Dans ce beau poème en trois actes, le sentiment moral augmente dans un admirable crescendo. Au premier acte, la Vierge est belle d’élévation, belle comme grâce de Dieu dans la nature. Au deuxième, belle de foi : elle s’est détachée de son fils physiquement, mais pour se rattacher à lui aussitôt par la prière. Au troisième acte, belle de sa volonté : elle est devenue la Providence de son enfant ; elle couve en pensée l’avenir.
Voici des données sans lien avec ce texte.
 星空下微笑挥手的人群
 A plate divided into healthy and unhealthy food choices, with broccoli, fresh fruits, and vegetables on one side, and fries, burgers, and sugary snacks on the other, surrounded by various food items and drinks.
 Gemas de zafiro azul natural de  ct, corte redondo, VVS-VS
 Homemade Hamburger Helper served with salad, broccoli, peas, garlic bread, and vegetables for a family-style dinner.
C’est le dernier degré, le plus humain, mais le plus sublime ; partant, plus divin même que le premier, où Dieu apparaît sans volonté.


III. — LA FORÊT NOIRE. — ENTRÉE EN SOUABE. — LE DANUBE. — ROTTWEIL. — TUBINGUE. — LES ÉMIGRANS. — SAINT-GEORGE. — LE PALAIS DUCAL.
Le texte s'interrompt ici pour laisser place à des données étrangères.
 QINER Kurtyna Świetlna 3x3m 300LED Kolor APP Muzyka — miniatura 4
Lundi 27. — Dès le premier relai après Fribourg, la route s’engage dans la Forêt-Noire, par l’étroit défilé que, très improprement, nous avons nommé : l’Enfer. En allemand, die Hœlle signifie creux, profondeur. Je revois en souvenir ma montée du Simplon, mon terrible torrent, et ces pics isolés, hardis, que l’aigle seul semble pouvoir atteindre, et que les pacifiques sapins ont escaladés, dont ils ont pris possession. Ils se penchent sur la profonde vallée, sur la route poudreuse, sur le pauvre passant… Mais lui aussi, en 1830, il atteignait ces hauteurs à sa manière. il y suspendait ses rêves, ses chimériques ermitages, son nid d’amour ou d’amitié, et tout ce que le vent a emporté depuis, sans s’informer si ce n’était pas fait de plumes sanglantes…

Le Simplon a le grandiose, mais il n’a pas les doux jeux de la lumière tamisée avec ces ménagemens délicats et tendres que je vois ici : la tendresse de lame allemande. De temps à autre, des arbres suspendus au ravin, déracinés a demi par quelque coup de vent d’orage, me montrent leurs racines échevelées, et médisent : « Nous aussi… »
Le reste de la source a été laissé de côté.